Blending options are brilliant, there is so much in there that you can do with layers in Photoshop, lets show you one or two important ones you might like. Here is what you do, right click on the layer for your little shape you have made, and click [blending options...]. A little layer style box should show up, and as you can see there is loads of stuff you can do there. But for now I will just show you one thing which we may use later in our design.


Lets select Colour overlay, tick the little bos next to it and then click colour overlay to see the options. Now select a medium grey for the colour, and press ok, you shape should now turn grey. Now I want you to select the layer just under our new shape, a click the little icon that looks like a page in layers box, this should give you a new layer just under your object. Select your paint brush tool to the left, and then hold down your alt key to bring up your sampling tool, while holding the alt key click somewhere on the grey object. There you go, you have now selected a new colour for your brush. Now to change the size of you bush, just lick the circle with the number under it in your tools options pallet, and change the master diameter to about 600 pixels for a good large brush. Now just paint your new layer grey. That is you just created a background layer for your object.
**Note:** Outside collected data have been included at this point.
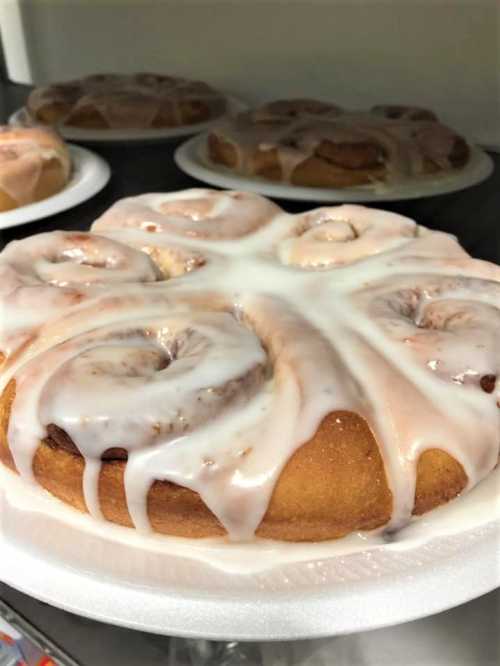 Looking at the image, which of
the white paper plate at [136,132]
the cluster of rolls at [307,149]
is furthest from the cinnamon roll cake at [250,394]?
the white paper plate at [136,132]

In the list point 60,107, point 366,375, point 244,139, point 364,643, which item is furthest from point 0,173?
point 364,643

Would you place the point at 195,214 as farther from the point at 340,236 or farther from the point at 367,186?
the point at 367,186

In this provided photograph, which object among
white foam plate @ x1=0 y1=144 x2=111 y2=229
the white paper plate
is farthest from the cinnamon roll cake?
the white paper plate

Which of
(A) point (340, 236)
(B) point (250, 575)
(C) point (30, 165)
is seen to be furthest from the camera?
(C) point (30, 165)

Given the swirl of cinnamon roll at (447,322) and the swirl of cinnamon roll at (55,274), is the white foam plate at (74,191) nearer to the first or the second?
the swirl of cinnamon roll at (55,274)

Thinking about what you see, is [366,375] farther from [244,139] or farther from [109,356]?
[244,139]

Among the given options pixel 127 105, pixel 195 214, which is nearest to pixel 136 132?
pixel 127 105

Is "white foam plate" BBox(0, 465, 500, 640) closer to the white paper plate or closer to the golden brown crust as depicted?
the golden brown crust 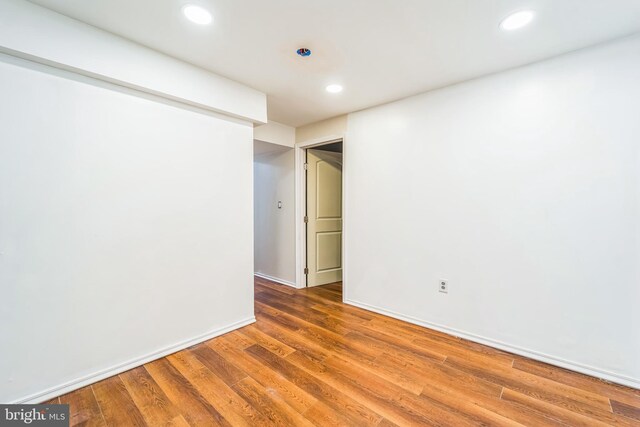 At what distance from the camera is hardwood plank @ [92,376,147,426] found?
1500 millimetres

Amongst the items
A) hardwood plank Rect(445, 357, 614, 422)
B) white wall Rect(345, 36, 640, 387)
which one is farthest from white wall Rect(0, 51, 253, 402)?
hardwood plank Rect(445, 357, 614, 422)

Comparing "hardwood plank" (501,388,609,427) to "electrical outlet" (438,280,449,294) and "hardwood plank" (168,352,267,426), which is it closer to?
"electrical outlet" (438,280,449,294)

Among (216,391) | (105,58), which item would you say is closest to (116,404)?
(216,391)

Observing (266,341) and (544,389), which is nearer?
(544,389)

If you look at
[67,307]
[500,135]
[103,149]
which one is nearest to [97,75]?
[103,149]

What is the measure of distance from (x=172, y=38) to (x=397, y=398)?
282 centimetres

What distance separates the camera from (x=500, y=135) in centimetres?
229

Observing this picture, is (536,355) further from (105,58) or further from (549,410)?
(105,58)

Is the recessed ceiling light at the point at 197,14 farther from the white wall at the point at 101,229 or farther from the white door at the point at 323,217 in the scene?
the white door at the point at 323,217

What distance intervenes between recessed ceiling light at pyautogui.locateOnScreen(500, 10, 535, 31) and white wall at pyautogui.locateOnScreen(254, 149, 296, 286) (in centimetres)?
275

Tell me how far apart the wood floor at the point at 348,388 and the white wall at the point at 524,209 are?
0.32 m

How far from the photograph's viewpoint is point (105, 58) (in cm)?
182

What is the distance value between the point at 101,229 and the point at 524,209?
3.19 metres

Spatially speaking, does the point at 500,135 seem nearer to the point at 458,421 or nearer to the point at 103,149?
the point at 458,421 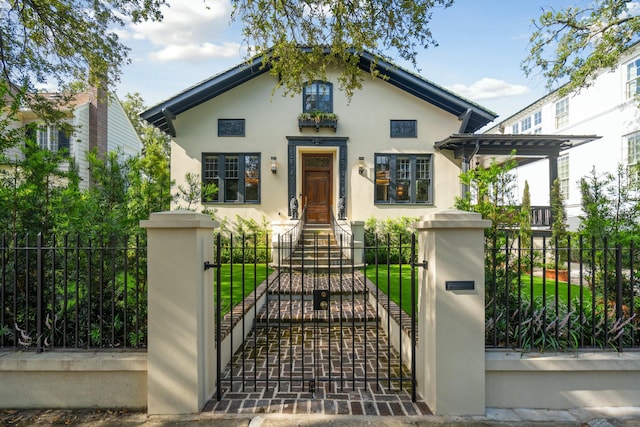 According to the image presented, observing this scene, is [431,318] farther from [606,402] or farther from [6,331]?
[6,331]

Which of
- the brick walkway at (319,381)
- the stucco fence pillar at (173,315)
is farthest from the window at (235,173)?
the stucco fence pillar at (173,315)

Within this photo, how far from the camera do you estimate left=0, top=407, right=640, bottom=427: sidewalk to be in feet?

Now let go back to our object and change something else, go into blending options again, and look at the bevel and emboss options, change them to the settings I have in the following picture...




Then just click ok, and you should have something like the following...




This is quite a cool effect that can make you objects and writing look like stamped plastic, and as you can see fairly easy to do, later I will cover more effects you can do with Photoshop, but I would recommend that you play around with blending options and look at how all the various options available will change your shape, you can create textures, shadows, outlines, and much much more, so have a little fun with it.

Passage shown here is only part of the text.